Task details: Beginning with the line that holds "Image of Mars and a satellite" and finishing with the line that holds "ACC REG: Lữ", repeat the listing exactly, leaving every picture out.

Data for this exercise:
━━━━

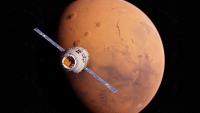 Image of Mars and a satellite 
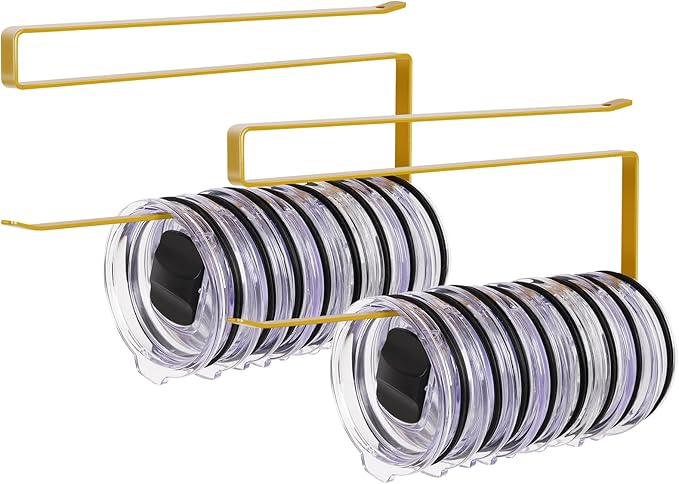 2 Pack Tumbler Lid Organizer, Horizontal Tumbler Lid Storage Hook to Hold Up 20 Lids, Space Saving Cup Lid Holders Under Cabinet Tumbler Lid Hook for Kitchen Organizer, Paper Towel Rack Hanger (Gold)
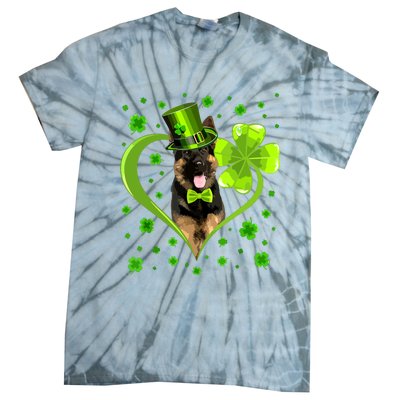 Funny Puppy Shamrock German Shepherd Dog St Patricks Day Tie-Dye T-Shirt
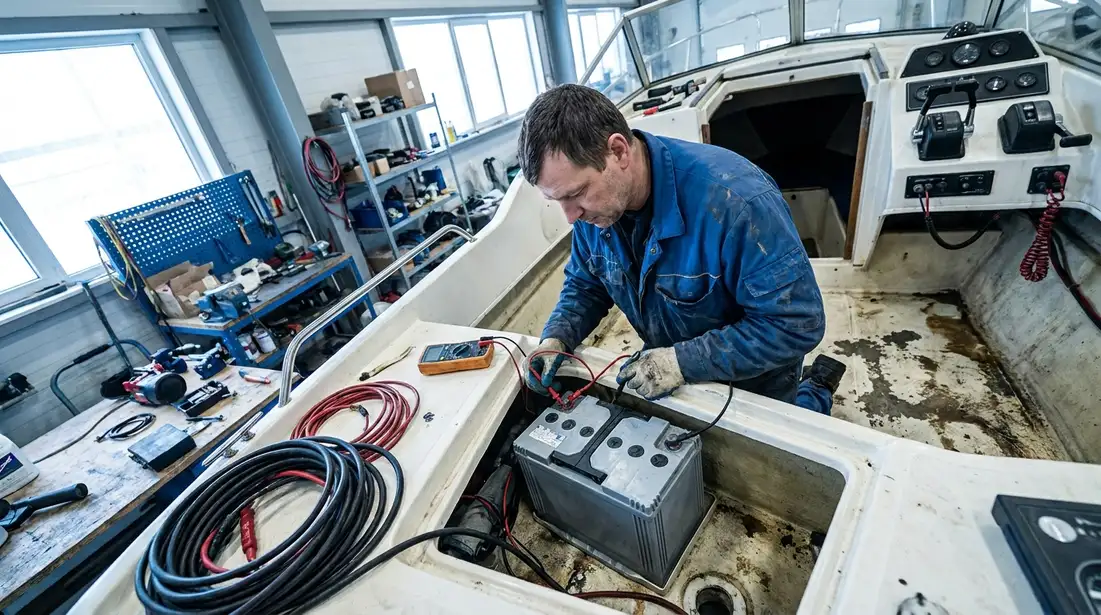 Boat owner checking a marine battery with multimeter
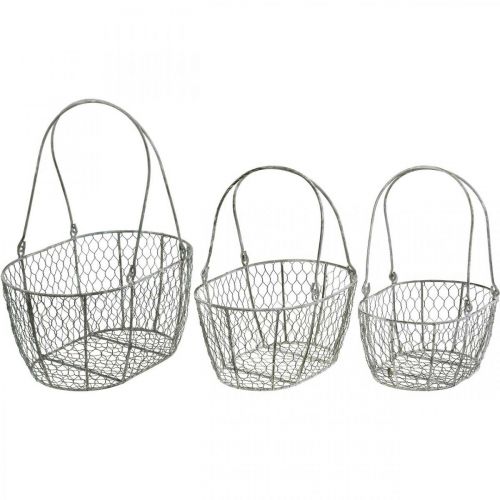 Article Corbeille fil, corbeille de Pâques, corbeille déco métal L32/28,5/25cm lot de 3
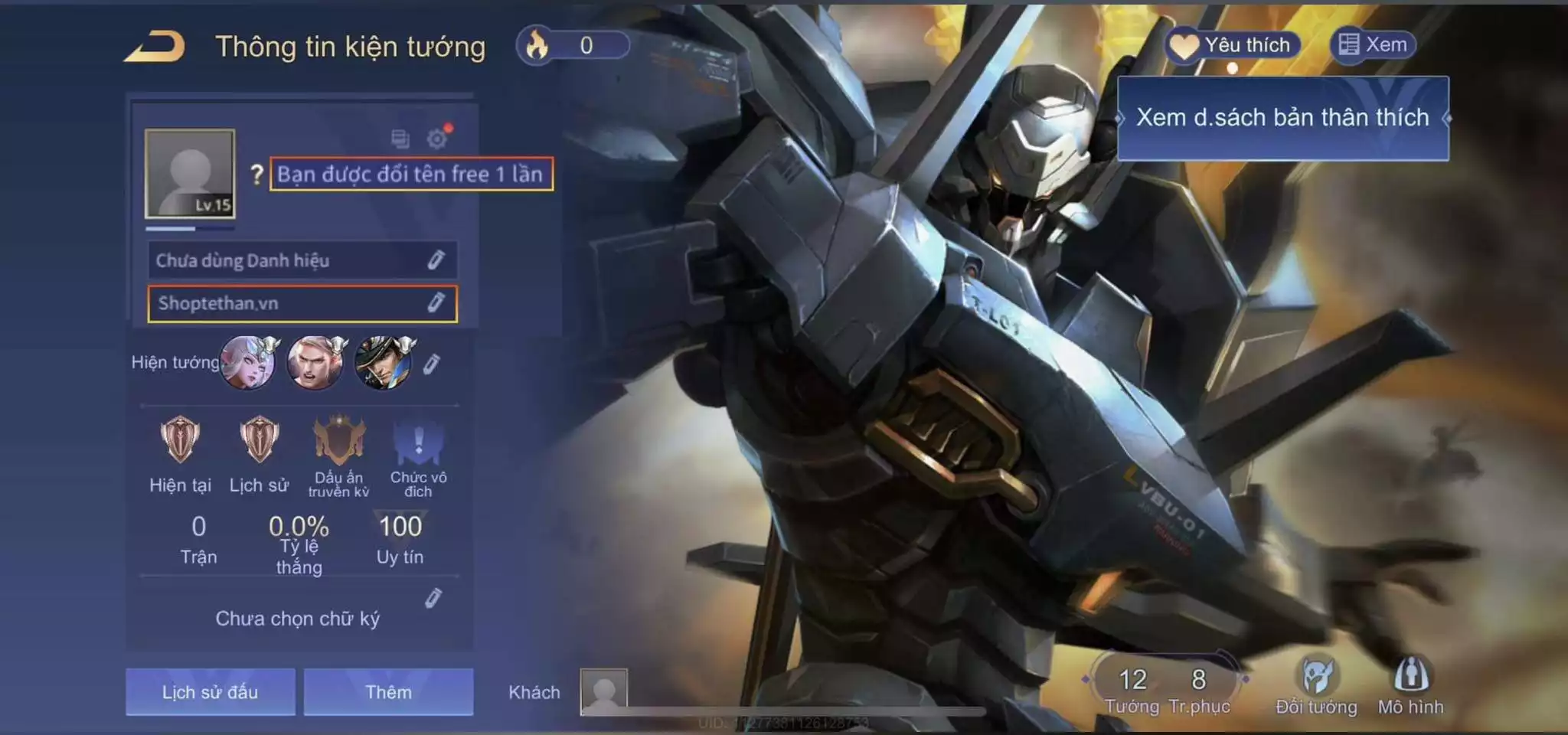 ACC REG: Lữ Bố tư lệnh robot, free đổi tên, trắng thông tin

━━━━

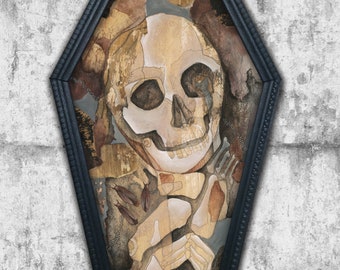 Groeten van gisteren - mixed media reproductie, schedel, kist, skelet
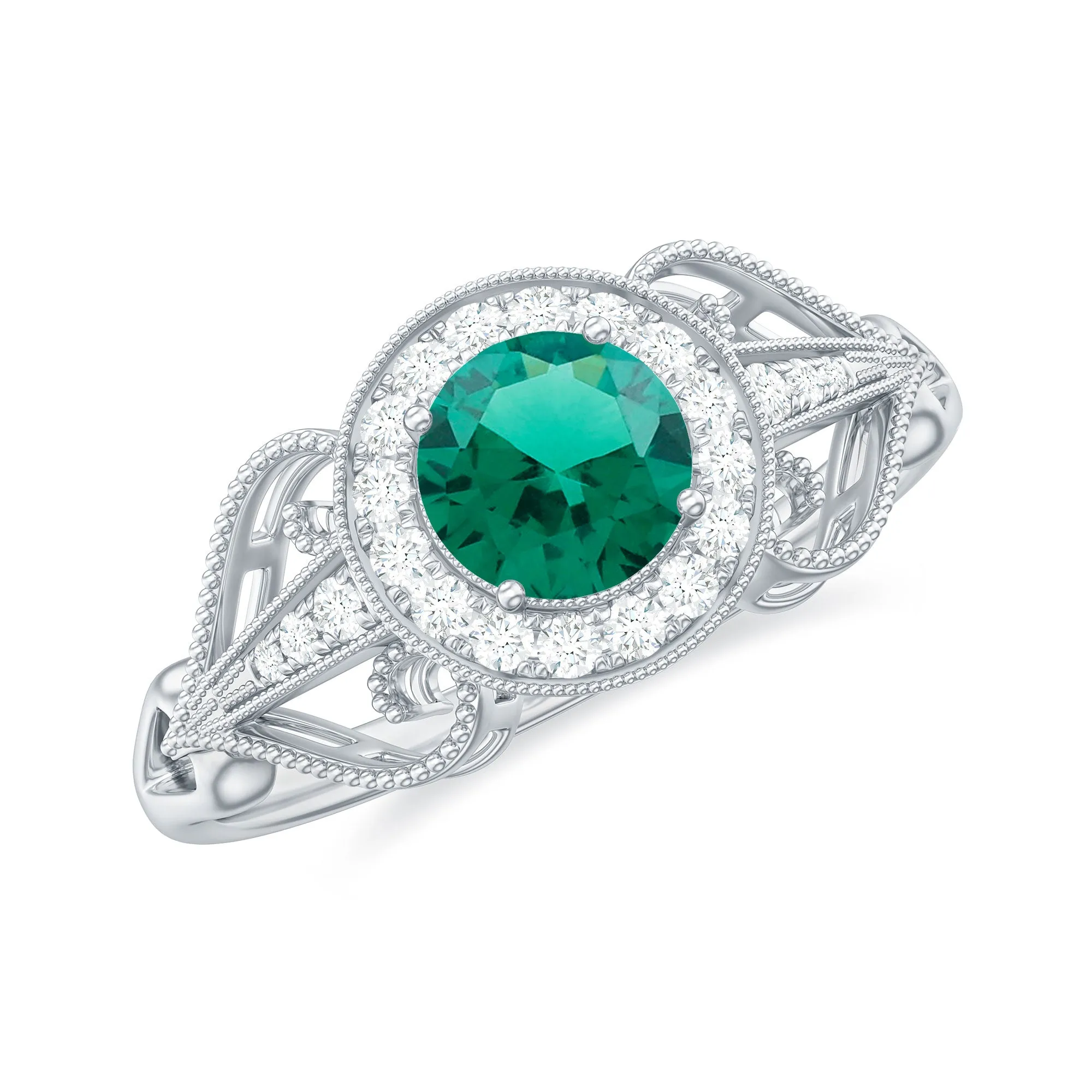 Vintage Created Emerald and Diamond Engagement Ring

━━━━

Task response:
 Image of Mars and a satellite 
 2 Pack Tumbler Lid Organizer, Horizontal Tumbler Lid Storage Hook to Hold Up 20 Lids, Space Saving Cup Lid Holders Under Cabinet Tumbler Lid Hook for Kitchen Organizer, Paper Towel Rack Hanger (Gold)
 Funny Puppy Shamrock German Shepherd Dog St Patricks Day Tie-Dye T-Shirt
 Boat owner checking a marine battery with multimeter
 Article Corbeille fil, corbeille de Pâques, corbeille déco métal L32/28,5/25cm lot de 3
 ACC REG: Lữ Bố tư lệnh robot, free đổi tên, trắng thông tin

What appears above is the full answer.